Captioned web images
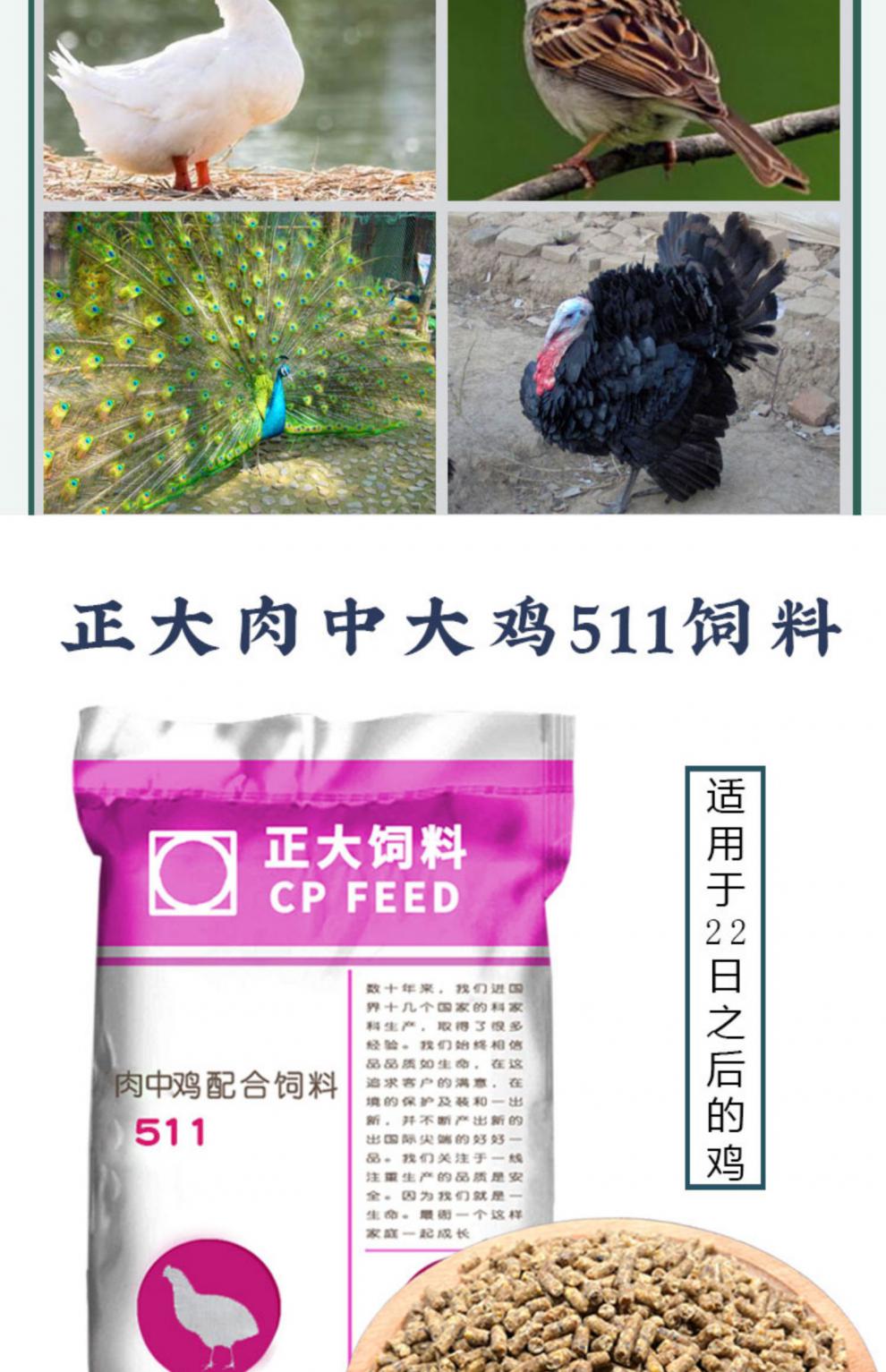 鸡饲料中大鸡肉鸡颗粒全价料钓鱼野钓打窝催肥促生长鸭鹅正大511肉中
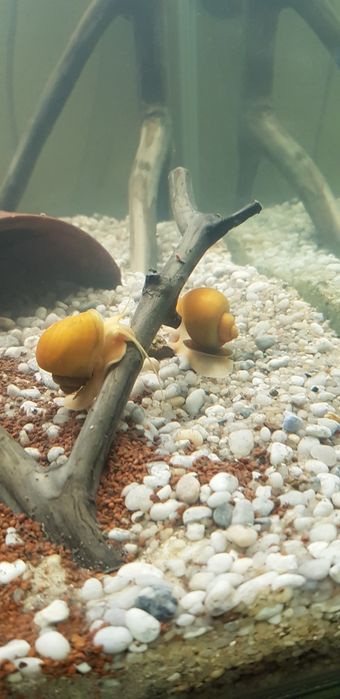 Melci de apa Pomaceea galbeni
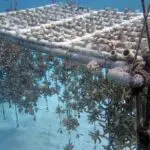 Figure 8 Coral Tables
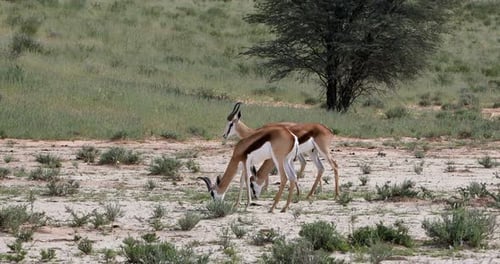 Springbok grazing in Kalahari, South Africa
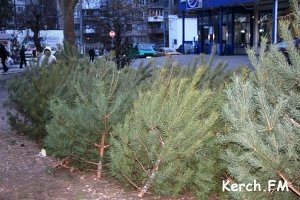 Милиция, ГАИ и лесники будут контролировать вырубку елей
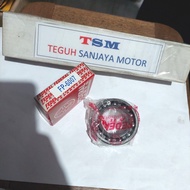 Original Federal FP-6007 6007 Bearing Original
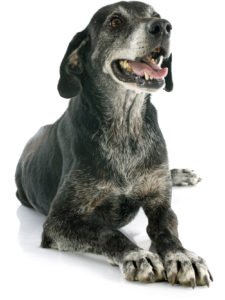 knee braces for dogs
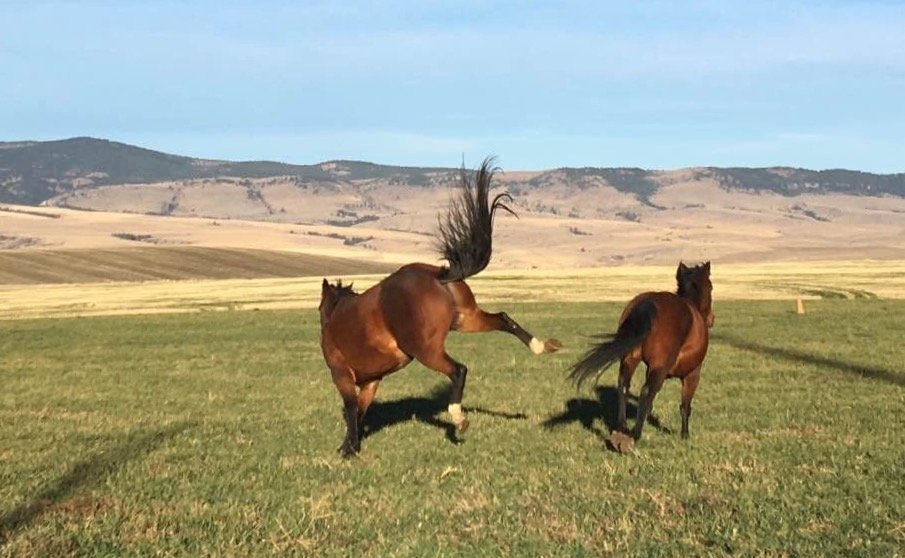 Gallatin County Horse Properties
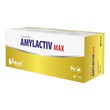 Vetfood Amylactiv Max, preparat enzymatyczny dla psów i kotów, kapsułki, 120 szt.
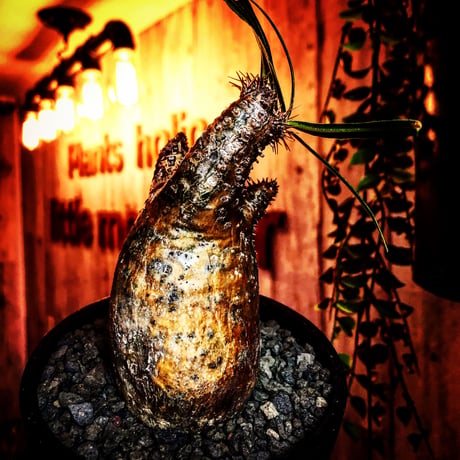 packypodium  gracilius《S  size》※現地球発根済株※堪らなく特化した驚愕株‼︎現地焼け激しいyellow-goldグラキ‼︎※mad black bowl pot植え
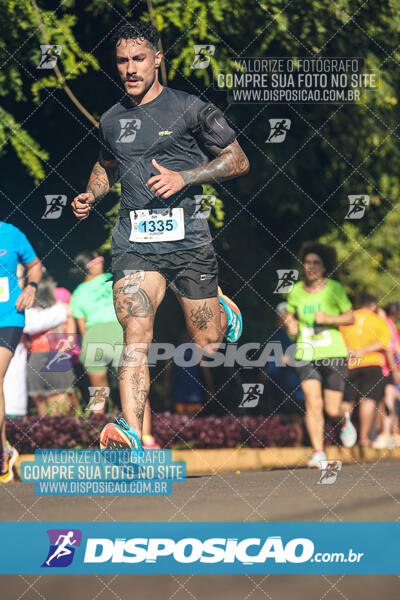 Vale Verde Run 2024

## Work item
In the copy, include exactly the lines from the one containing "Original Federal FP-6007" through the last line of the records, and no pictures or other text.

## Response area
 Original Federal FP-6007 6007 Bearing Original
 knee braces for dogs
 Gallatin County Horse Properties
 Vetfood Amylactiv Max, preparat enzymatyczny dla psów i kotów, kapsułki, 120 szt.
 packypodium  gracilius《S  size》※現地球発根済株※堪らなく特化した驚愕株‼︎現地焼け激しいyellow-goldグラキ‼︎※mad black bowl pot植え
 Vale Verde Run 2024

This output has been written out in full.